Je donne une info sur un test de débit et je ne vois pas pourquoi vous faites une relation avec les DNS.  Ceux qui sont chez Numericable, bien souvent ne savent pas que ce lien existe. Est-ce un problème de le mentionner ?


----------



## Anonyme (15 Août 2012)

Pas de problème du tout, au contraire, l'info est bienvenue.

Mais il faut faire passer le message à ceux qui ne le savent pas qu'on peut avoir une connexion à très haut débit tout en ayant un accès très lent aux sites web. (si pb de DNS).

Y a pas de malaise


----------



## triangle12 (13 Août 2013)

Bonjour,

J'ai un ordinateur imac avec OSX 10.6.
L'internet fonctionnait très bien jusqu'à quelque jour ou j'ai un débit anormalement bas.
Sur mon ordinateur portable le débit semble meilleur donc je suppose, ne vient pas du réseau.
J'ai fais un test et le ping est à 34s, le débit descendant à 0,66Mbps et le débit montant à 0,86Mbps.

Pouvez vous m'aidez s'il vous plait 

Merci d'avance


----------



## Ewilan93 (11 Septembre 2013)

Je rencontre un problème similaire.
Internet fonctionnait parfaitement jusqu'il y a une semaine.
Maintenant, charger une page devient un calvaire.

Je ne comprends rien au système DNS mais je peux fournir des captures s'il le faut.

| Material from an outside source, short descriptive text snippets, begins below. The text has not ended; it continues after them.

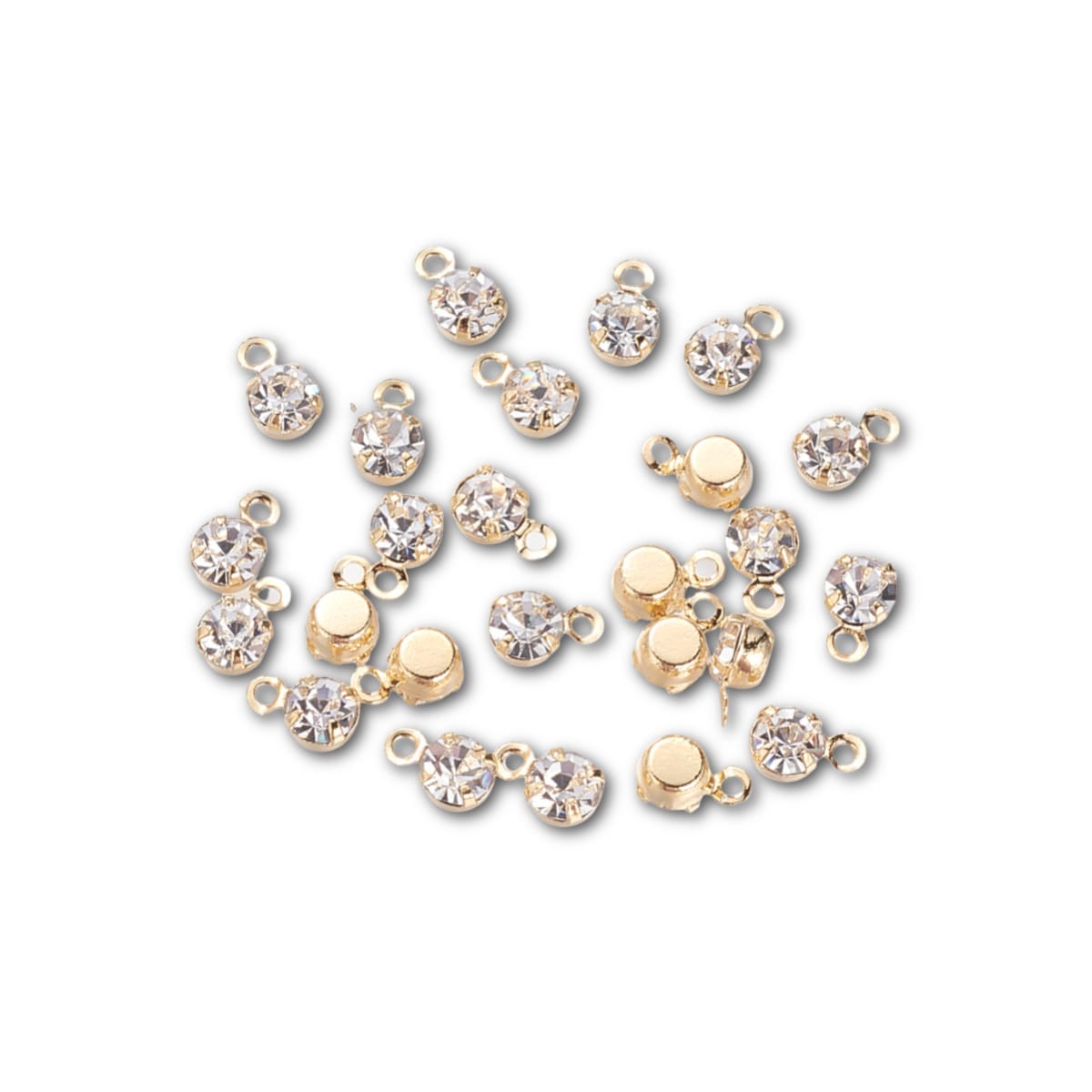 3.5mm 18k Gold Plated Crystal Charm - Pack of 5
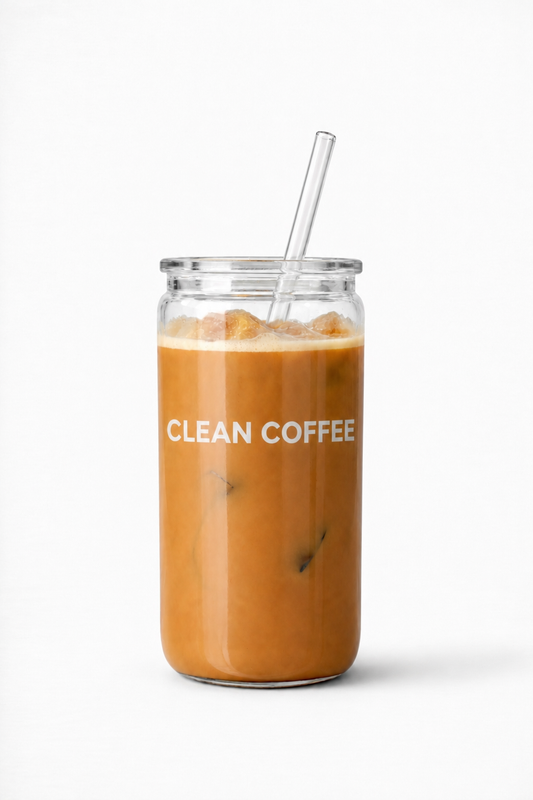 Clean Coffee Cup with Lid and Straw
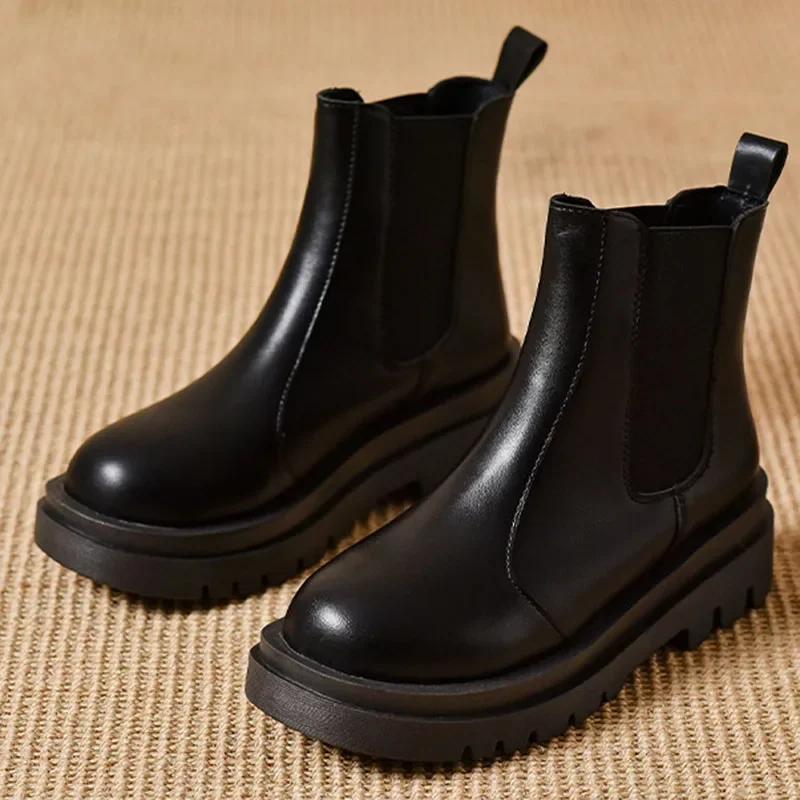 Fashion Ankle Boots for Women New Spring Autumn Thick Bottom Women's White Black Boots Casual Pu Leather Slip on Chelsea Short Botas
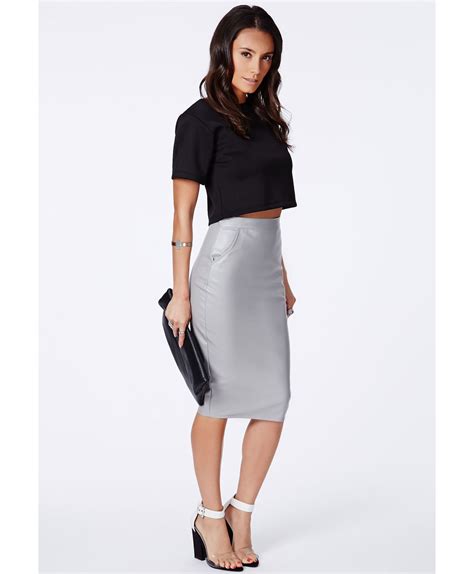 Lyst Missguided Mariota Grey Faux Leather Pencil Skirt In Gray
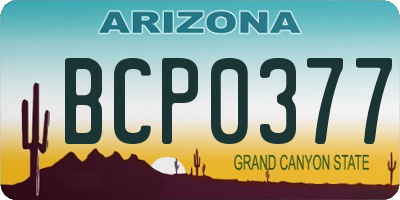 AZ license plate BCP0377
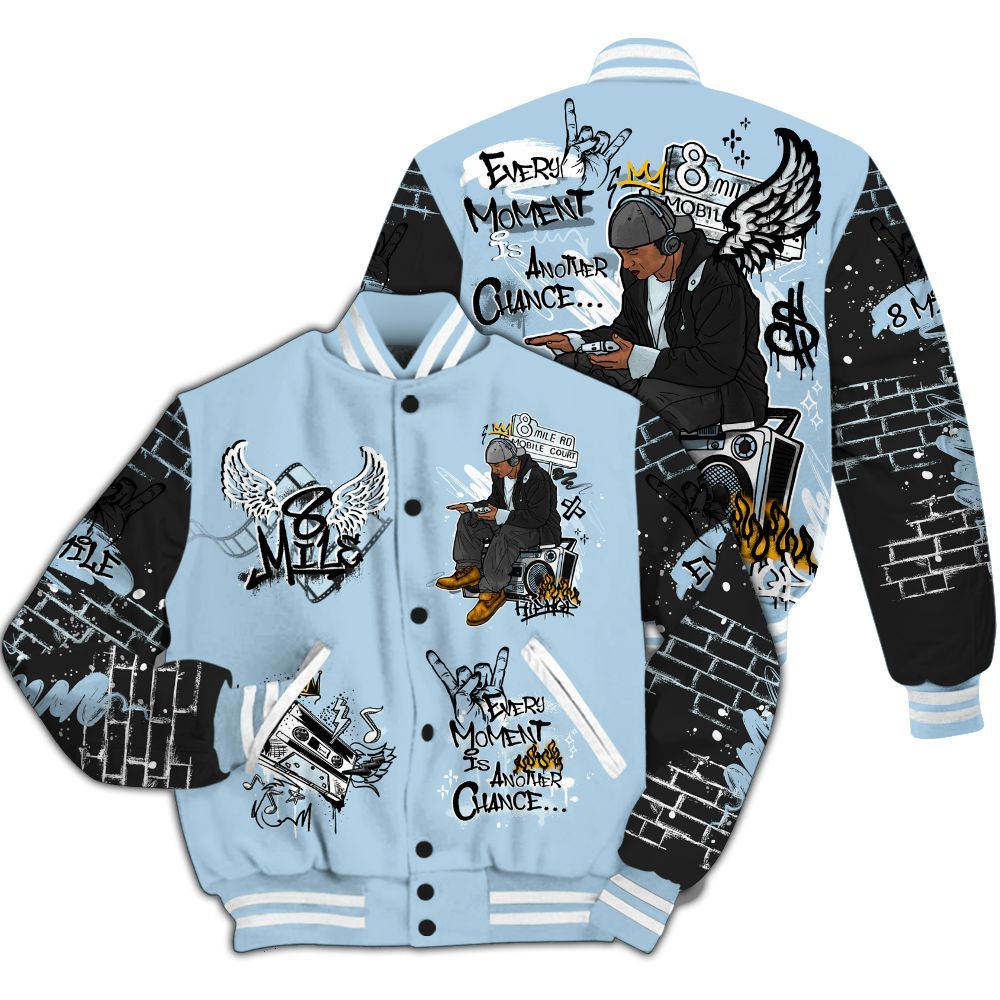 Varsity Jacket To Match Foamposite One Psychic Blue - 8Mile Movie Graffiti All Over Print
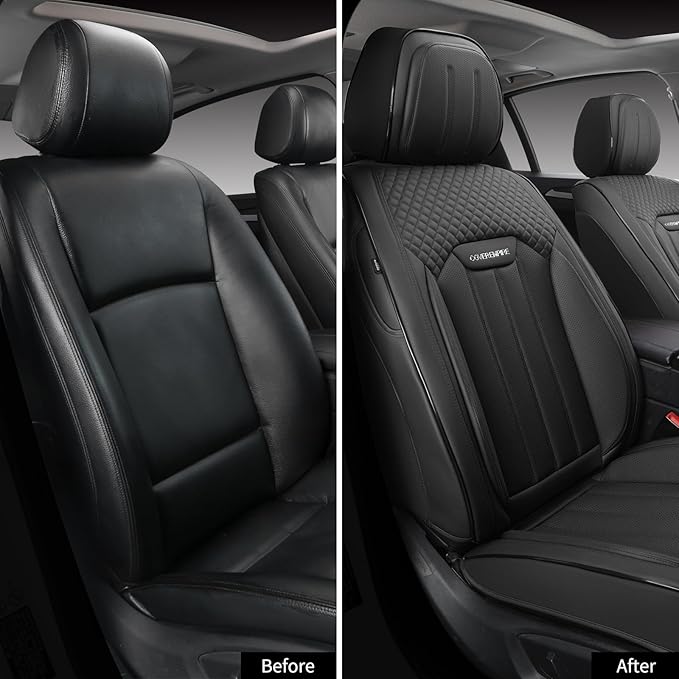 Leather Seat Covers for Cars, 2Pcs Universal Front Automotive Seat Covers, Full Coverage Waterproof Car Seat Covers for Most Trucks, SUVs, Sedans, Luxury Breathable Auto Seat Cover, Black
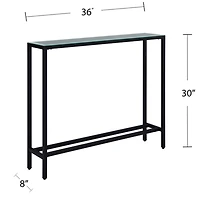 Metal Mirrored Top Slim Console Table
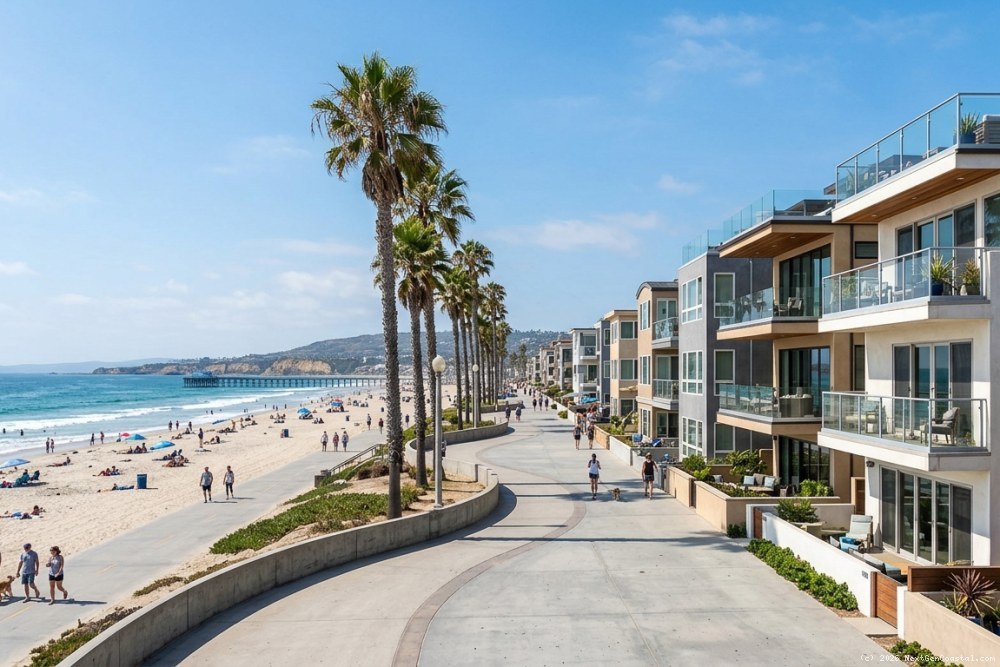 Pacific Beach oceanfront boardwalk with modern residential buildings and palm trees along the coastal path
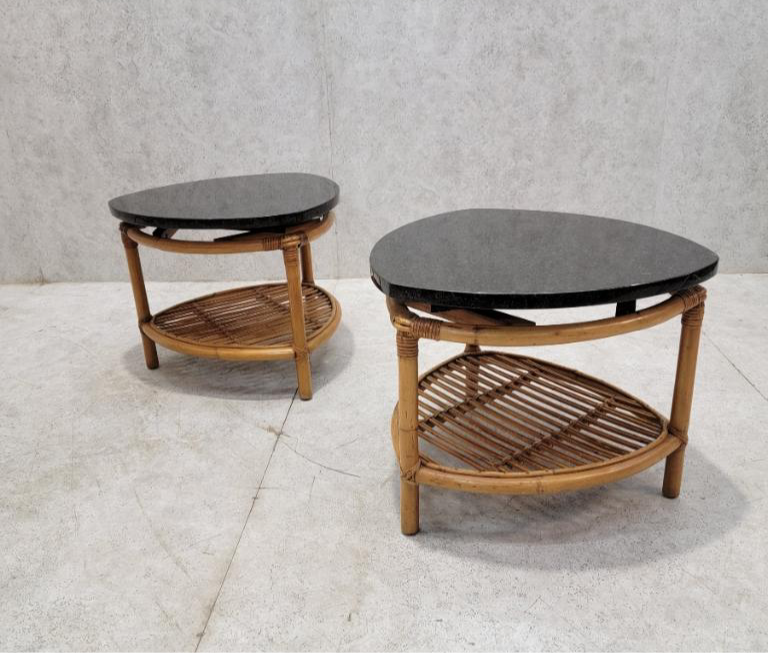 Vintage Paul Frankl Style Coastal Rattan Side Tables - Pair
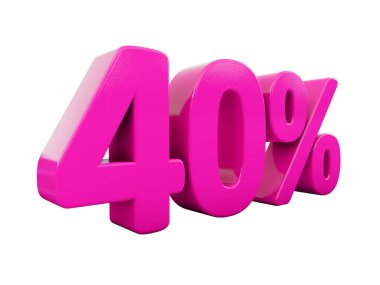 Yüzde 40 pembe işareti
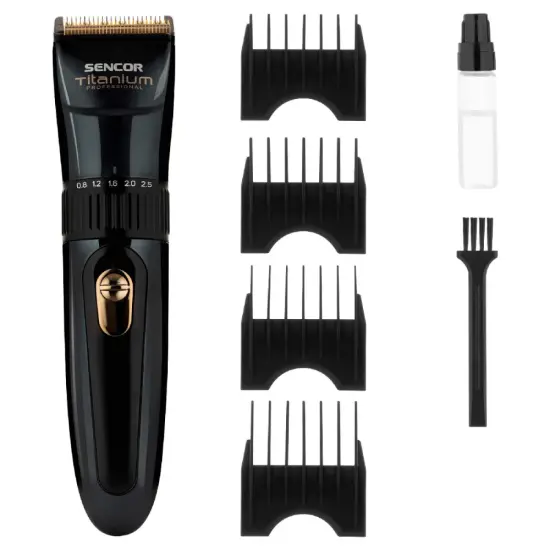 Sencor SHP 8900BK Rechargeable Hair Clipper with 4 Direct Drive Attachments Black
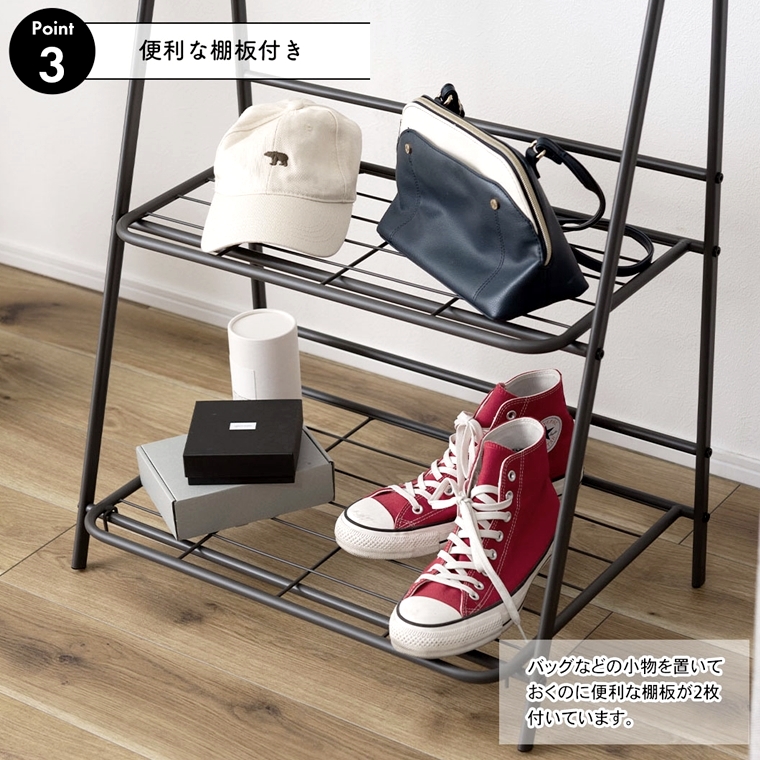 ハンガーラック ハンガースタンド ハンガーパイプ/棚付/幅60 高さ161 |  | 07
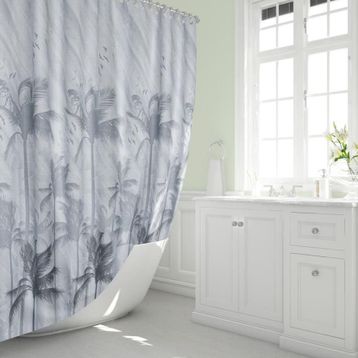 Zethome 5104 Tropik Çift Kanat Banyo Perdesi
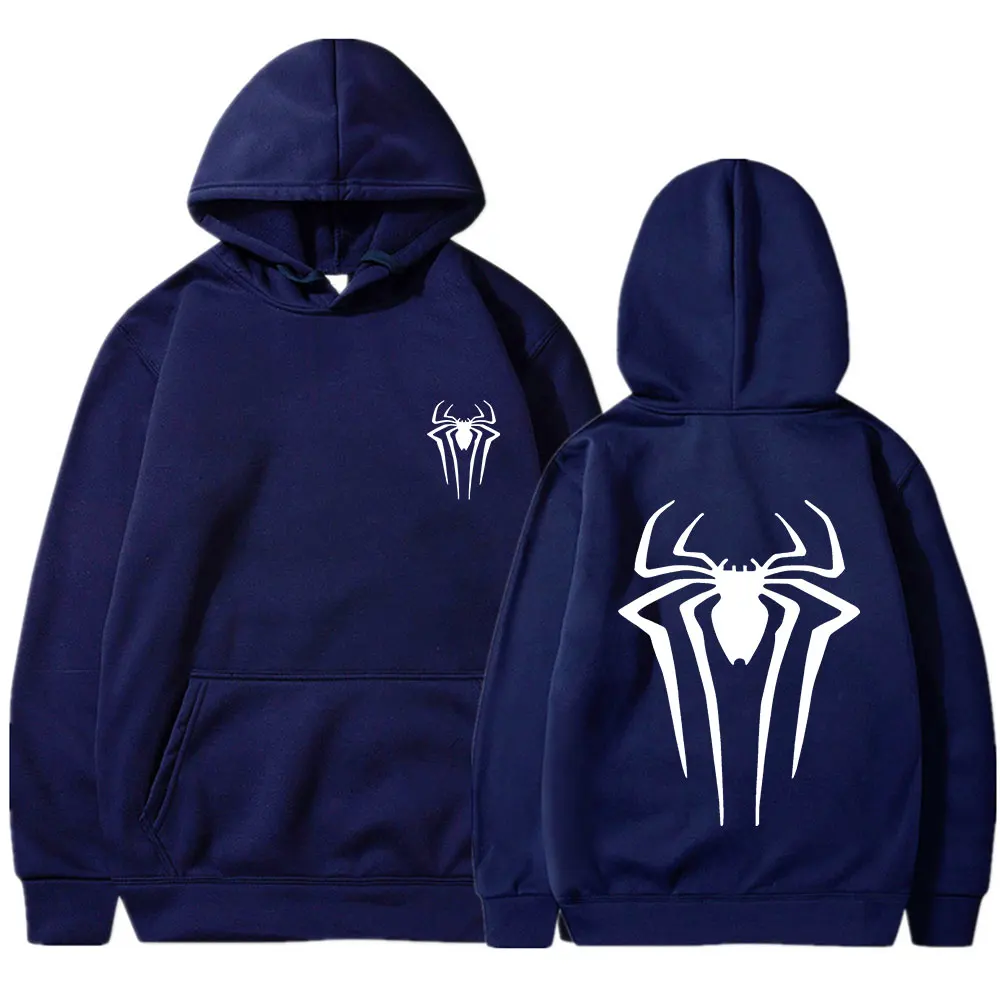 Mens Y2K Spider Print Hoodies Streetwear Loose Hip Hop Quirky Punk Hooded Sweatshirt Fashion Couple Men Women Sports Sweater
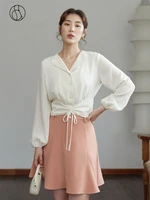 dushu slightly fat lady peter pan collar full lantern sleeve blouses patchwork cropped single row three button shirt office lady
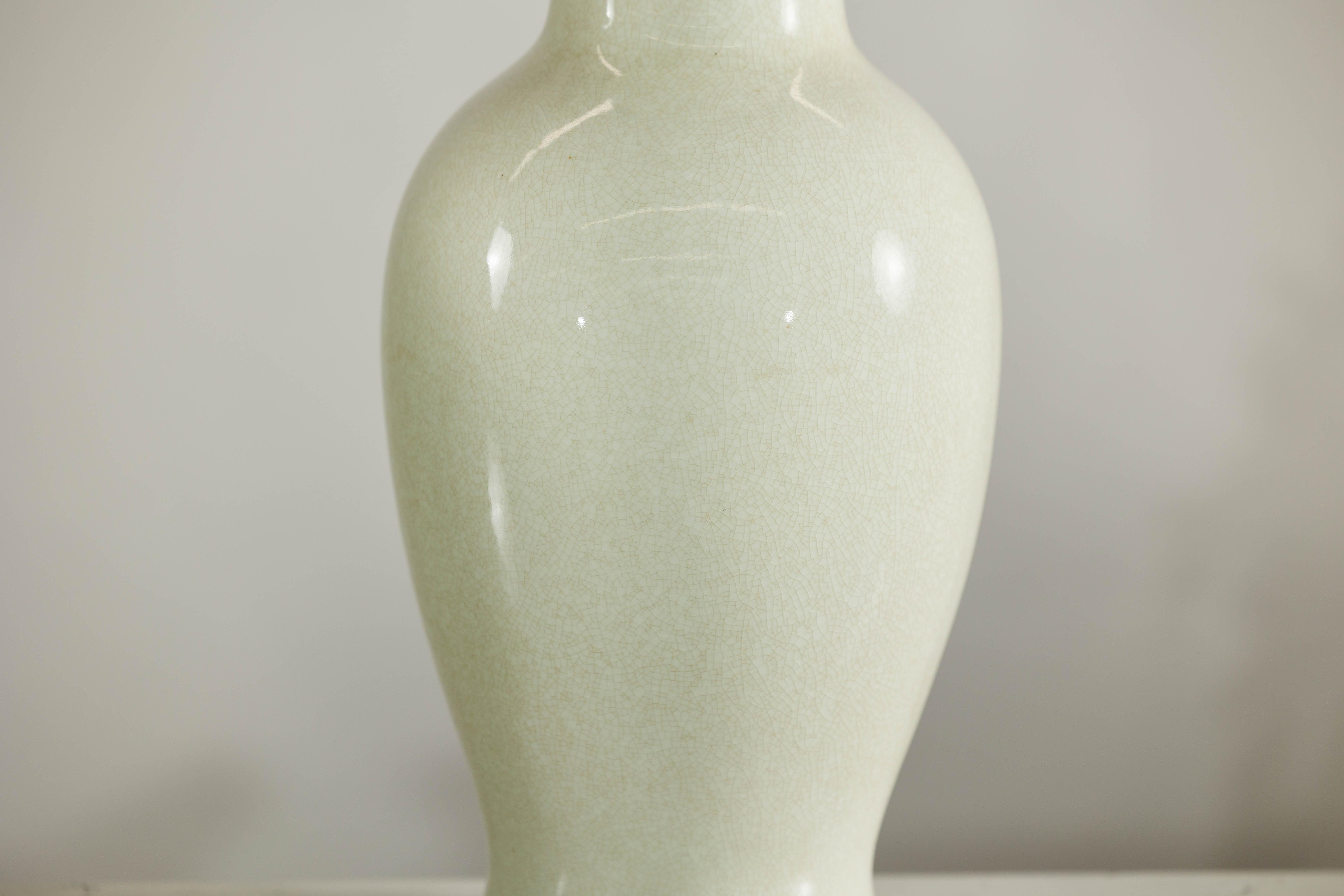 Pair of Tall Cream Crackle Glazed Vases with Subtle Flared Rims For Sale 1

Internet est surtout lent sur l'iMac, sur mon MacBook Pro, aucun soucis.
Je suis sous Mac OS X 10.6

Merci

Edit : à force de chipoter, j'ai viré ma connection Ethernet et je l'ai réinstallé à nouveau.
Pour l'instant, tout est revenu à la normale. Je croise les doigts pour que ça dure !


----------



## ntx (11 Septembre 2013)

Quand on ne sait que faire, on peut commencer par utiliser l'aide du Finder : tu tapes DNS et tu auras la démarche à suivre pour le DNS. Il te suffit alors de reprendre les réglages d'une machine qui fonctionne bien.


----------



## lorelei1 (17 Novembre 2013)

Renaud31 a dit:


> Bonjour,
> 
> donne des infos sur ta connexion : FAI + 2 captures d'écran :
> 
> ...



Bonsoir,

Mon mc book pro est lent mac os x 10.7 lion. Lorsque je lance safari cela prend au moins 30 secondes. Mon curseur tourne un peu de plus en plus ces derniers jours. Quand je suis sur google chrome les pages prennent du temps à charger. Lorsque je suis en visio sur facetime ou skype les navigateurs bug à cause des appels vidéos. Je ne peux passer des appels vidéos quand je surfe sur le net autrement ça bug énormément les pages internet se figent et le plug in shockwave figent les pages.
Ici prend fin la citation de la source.